Calendario de cierres
De acuerdo con el calendario oficial, la Línea 3 será la primera en suspender operaciones, seguida por la Línea 2 y finalmente la Línea 1. El plan contempla que los trabajos se desarrollen por etapas para revisar a fondo la infraestructura y evitar interrupciones simultáneas en toda la red.
Para la Línea 3, el cierre está programado del 13 al 26 de julio. Después, la Línea 2 dejará de operar del 27 de julio al 9 de agosto. Por último, la Línea 1 tendrá suspensión del servicio del 10 al 23 de agosto, en un esquema escalonado que busca mantener opciones de movilidad en distintas zonas de la capital mientras avanzan las labores técnicas.
Qué revisarán
Las autoridades capitalinas informaron que durante estos periodos se realizarán inspecciones especializadas en componentes clave del sistema, como balancines, equipo electromecánico, plantas generadoras, sistema de peaje, cabinas y cable tractor portador. También se llevarán a cabo labores de limpieza en cuartos de control y estaciones, además de pruebas de funcionamiento y de seguridad.
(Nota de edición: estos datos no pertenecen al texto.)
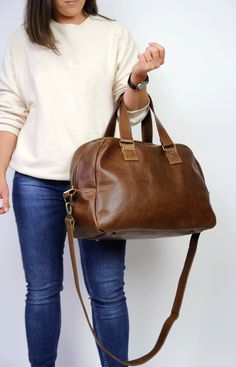 Brown Large Bag, Duffel Bag, Leather Travel Bag Dimensions: height: 30 cm (12 in) width at the base: 47 cm (18.5 in) width at the top: 39 cm (15.5 in) depth: 17 cm (6.7 inch) handle strap drop: 19 cm (7.5 inch) long strap: 122 cm (48 inch) This Unisex bag is perfect as a travel bag, for a stylish weekend, overnight bag or gym bag. Beautiful vegetable tanned leather makes this bag an unique gift for your beloved one. The bag is made from top quality leather. Thanks to solid brass hardware and lea Large Capacity Duffle Bag Satchel For Daily Use, Large Capacity Duffle Bag For Daily Use, Everyday Satchel Travel Bag With Adjustable Handle, On-the-go Travel Bag Satchel With Adjustable Handle, Everyday Large Capacity Satchel Duffle Bag, Everyday Satchel Duffle Bag, Weekender Satchel Bag With Adjustable Handle For On-the-go, Travel Shoulder Bag With Adjustable Handle, Everyday Travel Shoulder Bag With Adjustable Handle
El objetivo, subrayaron, es garantizar una operación segura y de calidad para los pasajeros, por lo que la revisión anual se considera indispensable para prevenir fallas y mantener en condiciones óptimas uno de los transportes más utilizados en zonas altas y de difícil acceso de la ciudad.
Apoyo a usuarios
Durante los cierres, la Red de Transporte de Pasajeros ofrecerá servicio gratuito de apoyo en las rutas afectadas. Esta medida busca que los usuarios puedan continuar sus trayectos habituales sin pagar una tarifa adicional y con la menor afectación posible en tiempos de traslado.
En el caso de la Línea 2, las autoridades previeron una organización por tramos para atender mejor la movilidad en las estaciones involucradas. Con ello, se pretende que el cierre no sólo sea una medida técnica, sino también una estrategia operativa que permita sostener la conectividad en una de las líneas con mayor demanda.
El Cablebús se ha consolidado como una alternativa clave de transporte en la capital, especialmente para habitantes de zonas periféricas. Por eso, la revisión anual resulta relevante no sólo por el mantenimiento en sí, sino porque define la continuidad de un servicio que se ha vuelto esencial para miles de personas en su vida diaria.